Vakıflar ve Derneklerin İktisadi İşletmelerinde Kârın Aktarılması, İç Borçlanma ve Tasfiye İşlemleri
Mintez ŞİMŞEK
MEB İLKSAN Genel Müdürü
[email protected]
Bilindiği üzere kendi tüzel kişilikleri itibariyle bizatihi tacir sayılmayan vakıflar ve dernekler; ticari mahiyet içeren faaliyetlerini yürütmek veya faaliyetlerine yönelik gelir kaynakları temin etmek maksatları ile Türk Ticaret Kanunu ve Kurumlar Vergisi mevzuatının amir hükümleri doğrultusunda İktisadi İşletme kurmak zorunda olup Türk Ticaret Kanununun 16 ncı maddesinin 2 nci fıkrasında sayılan durumlar (kamu yararına çalışan dernekler ve gelirinin yarısından fazlasını kamu görevi niteliğindeki işlere harcayan vakıflar) hariç olmak üzere kendilerine ait veya bağlı bir iktisadi işletmeyi tescil ettikleri andan itibaren tacir sayılırlar.
Bu makalemizde, vakıf ve derneklerin münhasıran kendi tüzel kişilikleri bulunmayan iktisadi işletmeleri ile asıl tacir ve tüzel kişilik olan dernek veya vakıf arasında ki mali ilişkiler ele alınacak, dönem sonlarında hâsıl olan kârın aktarılması, vakıf ve dernek ile iktisadi işletme arasında ki borç/alacak ilişkileri ve nihayet iktisadi işletmenin tasfiyesi neticesinde ortaya çıkan tasfiye kârı ve bakiye varlıkların aktarımına ilişkin konular ele alınacaktır.
1. İktisadi İşletme, Dernek veya Vakfa Kâr Aktarımı Yapmak Zorunda mıdır?
Cumhurbaşkanlığınca kendilerine vergi muafiyeti tanınan vakıfların iktisadi işletmeleri hariç olmak üzere dernek veya vakıfların iktisadi işletmelerinin dönem sonlarında elde ettikleri kârı, bağlı veya ait oldukları vakfa veya derneğe aktarma zorunluluğu bulunmamaktadır.

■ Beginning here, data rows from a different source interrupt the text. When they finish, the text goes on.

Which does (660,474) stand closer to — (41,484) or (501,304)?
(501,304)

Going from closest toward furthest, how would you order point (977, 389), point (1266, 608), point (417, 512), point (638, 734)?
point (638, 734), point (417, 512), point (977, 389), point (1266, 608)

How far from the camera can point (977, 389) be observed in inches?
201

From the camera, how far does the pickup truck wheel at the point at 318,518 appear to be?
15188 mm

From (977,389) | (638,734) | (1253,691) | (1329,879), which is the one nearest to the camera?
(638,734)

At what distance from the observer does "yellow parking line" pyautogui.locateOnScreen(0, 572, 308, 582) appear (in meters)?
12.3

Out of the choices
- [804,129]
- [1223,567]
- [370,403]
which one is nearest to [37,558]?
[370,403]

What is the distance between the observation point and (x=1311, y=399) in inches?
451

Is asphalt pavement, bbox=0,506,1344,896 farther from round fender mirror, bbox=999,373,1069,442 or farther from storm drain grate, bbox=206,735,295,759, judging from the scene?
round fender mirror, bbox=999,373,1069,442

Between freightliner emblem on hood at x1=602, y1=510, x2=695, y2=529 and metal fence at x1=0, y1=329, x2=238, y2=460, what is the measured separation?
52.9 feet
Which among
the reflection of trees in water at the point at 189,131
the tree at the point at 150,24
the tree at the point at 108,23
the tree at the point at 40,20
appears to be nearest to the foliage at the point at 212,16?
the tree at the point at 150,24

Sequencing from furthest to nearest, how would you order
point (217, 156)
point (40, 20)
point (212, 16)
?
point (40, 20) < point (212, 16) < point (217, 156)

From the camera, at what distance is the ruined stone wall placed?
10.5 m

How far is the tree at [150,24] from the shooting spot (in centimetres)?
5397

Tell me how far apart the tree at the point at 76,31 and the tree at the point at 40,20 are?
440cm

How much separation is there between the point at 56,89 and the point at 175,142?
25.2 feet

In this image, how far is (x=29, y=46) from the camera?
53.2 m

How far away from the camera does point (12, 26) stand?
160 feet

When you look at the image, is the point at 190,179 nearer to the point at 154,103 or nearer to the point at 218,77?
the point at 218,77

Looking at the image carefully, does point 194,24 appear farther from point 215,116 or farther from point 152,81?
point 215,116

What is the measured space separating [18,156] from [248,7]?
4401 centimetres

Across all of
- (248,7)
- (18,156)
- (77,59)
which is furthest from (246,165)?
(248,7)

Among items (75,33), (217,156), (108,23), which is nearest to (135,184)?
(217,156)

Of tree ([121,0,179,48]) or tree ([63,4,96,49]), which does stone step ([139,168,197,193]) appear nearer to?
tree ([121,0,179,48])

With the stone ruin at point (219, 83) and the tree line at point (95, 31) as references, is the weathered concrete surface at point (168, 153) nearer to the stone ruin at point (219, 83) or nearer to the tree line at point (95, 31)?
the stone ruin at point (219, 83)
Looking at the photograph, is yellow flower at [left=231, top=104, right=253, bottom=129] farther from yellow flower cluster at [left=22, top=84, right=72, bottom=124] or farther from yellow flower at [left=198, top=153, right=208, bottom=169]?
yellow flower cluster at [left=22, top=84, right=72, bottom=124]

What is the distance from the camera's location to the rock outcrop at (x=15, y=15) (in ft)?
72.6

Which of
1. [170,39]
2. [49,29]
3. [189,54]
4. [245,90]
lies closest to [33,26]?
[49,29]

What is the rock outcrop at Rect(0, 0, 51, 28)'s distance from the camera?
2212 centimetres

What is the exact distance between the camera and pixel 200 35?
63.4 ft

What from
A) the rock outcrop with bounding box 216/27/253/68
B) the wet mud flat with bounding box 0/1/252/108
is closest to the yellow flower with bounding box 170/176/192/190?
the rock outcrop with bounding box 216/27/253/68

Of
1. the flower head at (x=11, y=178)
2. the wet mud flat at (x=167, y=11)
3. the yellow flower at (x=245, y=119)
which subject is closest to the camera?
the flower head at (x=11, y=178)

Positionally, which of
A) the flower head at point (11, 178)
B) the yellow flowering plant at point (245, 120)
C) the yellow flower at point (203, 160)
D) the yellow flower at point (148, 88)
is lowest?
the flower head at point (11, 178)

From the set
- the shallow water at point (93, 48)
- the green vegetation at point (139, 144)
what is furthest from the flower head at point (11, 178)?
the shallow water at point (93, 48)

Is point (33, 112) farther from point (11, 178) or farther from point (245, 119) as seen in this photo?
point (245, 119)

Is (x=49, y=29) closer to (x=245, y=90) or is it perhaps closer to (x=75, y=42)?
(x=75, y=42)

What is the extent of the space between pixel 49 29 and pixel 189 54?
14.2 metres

4962 sayılı Bazı Kanunlarda Değişiklik Yapılması ve Vakıflara Vergi Muafiyeti Tanınması Hakkındaki Kanunun 20 nci maddesi hükümleri çerçevesinde; Cumhurbaşkanınca kendilerine vergi muafiyeti tanınan vakıflara ait iktisadi işletmeler, 03.04.2007 tarihli ve 26482 sayılı Resmî Gazete’de yayımlanarak yürürlüğe giren Vakıflara Vergi Muafiyeti Tanınması Hakkındaki 1 Seri No.lu Genel Tebliğin 5/2. maddesinin son cümlesi “İktisadi işletmenin dönem sonunda oluşan kârından ödenmesi gereken vergiler ve diğer yasal yükümlülükler ayrıldıktan sonra kalan net kâr, vakıf bütçesine gelir olarak aktarılır.” amir hükmü çerçevesinde, miktarı ne olursa olsun dönem sonunda hâsıl olan kârlarını vakfa aktarmak zorundadırlar.

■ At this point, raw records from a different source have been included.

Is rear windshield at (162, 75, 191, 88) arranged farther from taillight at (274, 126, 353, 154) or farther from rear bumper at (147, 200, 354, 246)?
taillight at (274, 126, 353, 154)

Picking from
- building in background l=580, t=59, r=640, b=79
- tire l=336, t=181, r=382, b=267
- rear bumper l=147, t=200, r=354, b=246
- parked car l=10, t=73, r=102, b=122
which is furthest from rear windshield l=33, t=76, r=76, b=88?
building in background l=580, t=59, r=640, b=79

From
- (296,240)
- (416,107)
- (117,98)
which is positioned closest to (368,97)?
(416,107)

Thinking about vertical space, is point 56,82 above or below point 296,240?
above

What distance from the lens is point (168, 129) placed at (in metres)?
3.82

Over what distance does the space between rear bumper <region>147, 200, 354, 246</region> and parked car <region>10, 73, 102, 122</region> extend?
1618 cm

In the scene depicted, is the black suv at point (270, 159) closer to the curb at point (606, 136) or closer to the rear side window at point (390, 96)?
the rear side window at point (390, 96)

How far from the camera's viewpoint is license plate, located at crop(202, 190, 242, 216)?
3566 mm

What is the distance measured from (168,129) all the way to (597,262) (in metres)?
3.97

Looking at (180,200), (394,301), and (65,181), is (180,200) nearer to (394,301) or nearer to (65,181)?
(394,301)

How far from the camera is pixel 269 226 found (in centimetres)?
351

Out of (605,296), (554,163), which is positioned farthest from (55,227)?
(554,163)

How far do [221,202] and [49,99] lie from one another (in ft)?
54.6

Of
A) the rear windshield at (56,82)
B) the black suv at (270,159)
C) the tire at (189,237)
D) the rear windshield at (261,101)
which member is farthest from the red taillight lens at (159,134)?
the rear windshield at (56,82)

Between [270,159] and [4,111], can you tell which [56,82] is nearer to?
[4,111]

Vergi muafiyeti tanınan vakıfların dışında kalan diğer vakıflar ile tüm derneklere ait İktisadi işletmelerin böyle bir zorunluluğu bulunmayıp, iktisadi işletmeden kâr aktarımı yapılıp yapılmamasına ilişkin yetki ve irade, vakıf senedinde veya dernek tüzüğünde aksine bir hüküm bulunmadığı müddetçe, sermayenin asıl sahibi olan vakfın idare organı veya derneğin yönetim kurulundadır.

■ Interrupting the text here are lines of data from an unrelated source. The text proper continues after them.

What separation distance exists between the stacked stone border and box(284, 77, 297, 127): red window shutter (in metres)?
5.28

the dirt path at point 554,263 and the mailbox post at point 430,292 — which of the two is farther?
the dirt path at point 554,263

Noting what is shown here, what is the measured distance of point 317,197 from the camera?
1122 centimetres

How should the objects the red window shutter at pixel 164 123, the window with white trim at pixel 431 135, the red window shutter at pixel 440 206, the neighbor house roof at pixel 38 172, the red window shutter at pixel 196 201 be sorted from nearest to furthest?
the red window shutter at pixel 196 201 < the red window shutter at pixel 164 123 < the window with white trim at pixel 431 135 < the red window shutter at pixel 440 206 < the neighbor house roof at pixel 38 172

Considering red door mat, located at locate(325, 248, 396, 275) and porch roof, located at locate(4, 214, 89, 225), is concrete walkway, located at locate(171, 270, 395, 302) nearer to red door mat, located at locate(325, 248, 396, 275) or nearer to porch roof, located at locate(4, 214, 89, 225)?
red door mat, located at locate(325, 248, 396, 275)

Vakfın veya derneğin yukarıda sayılan yetkili organlarınca aksi yönde bir karar alınmadığı müddetçe iktisadi işletmenin kârları, işletme sermayesine ilave olunacaktır.
Dernek veya vakıflara ait veya bağlı İktisadi işletmeler, Türk Ticaret Kanununun “yedek akçe ayrılmasına ilişkin” amir hükümlerine tabi olmamakla birlikte vakfın veya derneğin yetkili organları, iktisadi işletmenin kârının bir kısmının dernek veya vakfa aktarılmasına bir kısmının ise “yedek akçe” olarak işletmede kalmasına karar verebilirler.
Vakfın veya derneğin yetkili organlarınca kâr aktarımı yapılması yönünde bir karar alınmış ise İktisadi İşletme, stopaj işlemlerine müteakiben 331 Ortaklara (Kuruculara) Borçlar hesabı ile ödenecek kârın çıkışını yapacak, vakıf veya dernek ise 641 Bağlı Ortaklıklardan (İktisadi İşletmeler) Temettü Gelirleri hesabı ile kârı hesaplarına alacaktır.
2. İktisadi İşletme, Kurucu Vakıf veya Derneğe Bağış Yapabilir mi?
Dernek veya vakıfların bünyesinde kurulan ve kurucuları olan tüzel kişilikten ayrı bir kişiliği bulunmayan iktisadi işletmelerin, kurucu vakıf veya derneğe bağış yapması mümkün değildir. Herhangi bir şekilde iktisadi işletmeden bünyesinde bulunulan vakıf veya derneğe yapılan bağış var ise yapılan bağış miktarı kadar dernek veya vakfa kâr aktarımı yapılmış sayılacağından, bahse konu meblağın ayrıca stopajının tevkifi ve ödenmesi gerekmektedir.
3. Kurucu Vakıf veya Dernek, İktisadi İşletmeden Borç Alabilir mi? Ya da Borç Verebilir mi?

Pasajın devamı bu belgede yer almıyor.